The belt can do far more than that. You can arbitrarily permute belt elements in a single cycle - that’s equivalent to an conventional out-or-order GPR machine reloading all the renaming entries at once (GPR machines can do in some special cases i think, but only one at a time - and not explicitly.) This has big implications on subroutine entry/exit code, register allocation, and a host of other advantages. In theory, a GPR machine could implement an instruction like that (though you would need a 160bit immediate) but no one has ever done it as far as i know.

RISC started life mostly from how SLOW the VAX was for some instructions.
The VAX was mostly created to run better C code. All this is about optimizing C.
What about Algol type languages getting the same treatment as C gets, for
improvement in native code generation.What about threaded code, LISP style?
Bounds checking and dynamic arrays? (RISC improvements, not stack machine improvements)

There have been a lot of machines specialized for some language or another,
The Burroughs B5500/6500 etc were Algol machines.
The Symbolics and LispMachines were LISP machines,
as was the SPUR processor from from Berkeley
Symbol was VERY specialized for its own SPL language
ARM had an extension for Java, (Jazelle)
There have been a pile of Forth based microprocessors
IBM had an APL desktop (and HP had an APL microcoded+optimizing JIT compiler product.

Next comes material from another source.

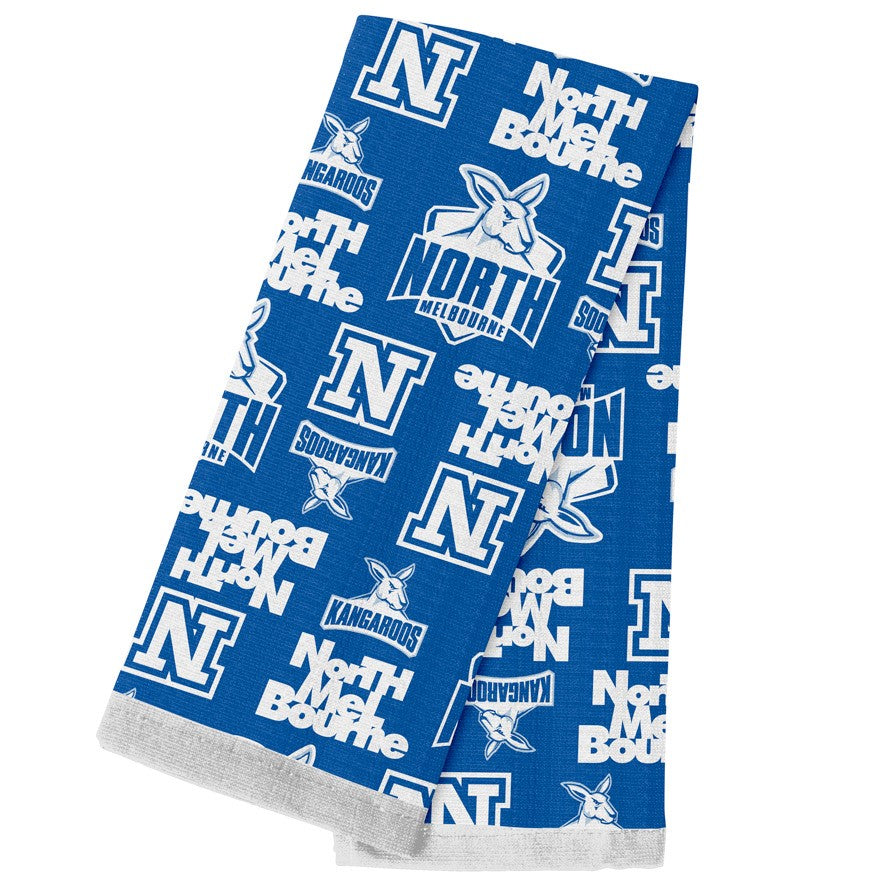 AFL North Melbourne Kangaroos Tea Towel - 40cm x 60cm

Oddly: wide commercial success seems to have eluded all of them (though Burroughs certainly had its day. All were great at …some particular thing, but when measured across all apps, general purpose architectures, better compiler technology, and using transistors for superscalar out-of-order (and better marketing) won out.

1 Like

I can’t say RISC has won, Intel still sells the XX86 of the month.
For most use a 15 ¢ CPU still runs your toaster or microwave, regardless how they
talk about the Internet connecting to everything.
The market place has a wide range of products, enough for everybody.

I don’t think this was quite true, at the time. When the VAX was being developed (1976-1977), the Unix available to the public was Sixth Edition, and it was installed mostly at academic institutions. DEC was selling a whole variety of operating systems on PDP-11s (RT-11, RSTS, RSX-11, and several others), most of which were written in assembly and which provided a large variety of user-space languages (assembly, Fortran, Focal, BLISS, BASIC, …). It was selling a smaller set of operating systems (TOPS-10, TOPS-20) on the PDP-10 with an even larger variety of languages in use (add LISP, for example), although I’m not sure how many were actually provided by DEC. Unix and C weren’t even portable yet, as the development of the VAX would have been in parallel with both the Bell Labs and Wollongong ports of Unix to 32-bit Interdata machines.

I think it could be argued that the VAX was the last major, industry-dominant, processor that was not designed for C! It just so happens that it was originally envisioned as an extension of the PDP-11 into 32-bits with virtual memory … and C was designed for the PDP-11.

RISC, on the other hand, was designed for C, or at least for “modern” (of the time) optimizing compilers, rather than handwritten assembly. The VAX was a platform that still expected programmers, including people who were not professional programmers, but scientists or business analysts or what-have-you, to write assembly to solve their problems.

2 Likes

Could a RISC design have been created instead of the VAX, or was hardware still too limited
with the IC’s of the time?

Another example being Inmos’ Transputer, designed with and for Occam, a language which embodies Tony Hoare’s CSP paradigm. It met just a little more success when it acquired a C compiler. (Its peak commercial success, I believe, was as ST20 in system-on-chip form in set-top boxes.)

Indeed - and this is the realisation, I think: that computers are useful in as much as they run software, and being able to create and debug the software - having the labour pool to draw on, and the tooling - is crucial. Software needs to run adequately well, and be adequately cheap to produce.

One of the beliefs of the more forward-looking managers within Inmos was that we were too technology-led, and to survive we needed to be market-led. (I heard this, but was and have always been rather a fan of technology. I was not in a decision-making position.)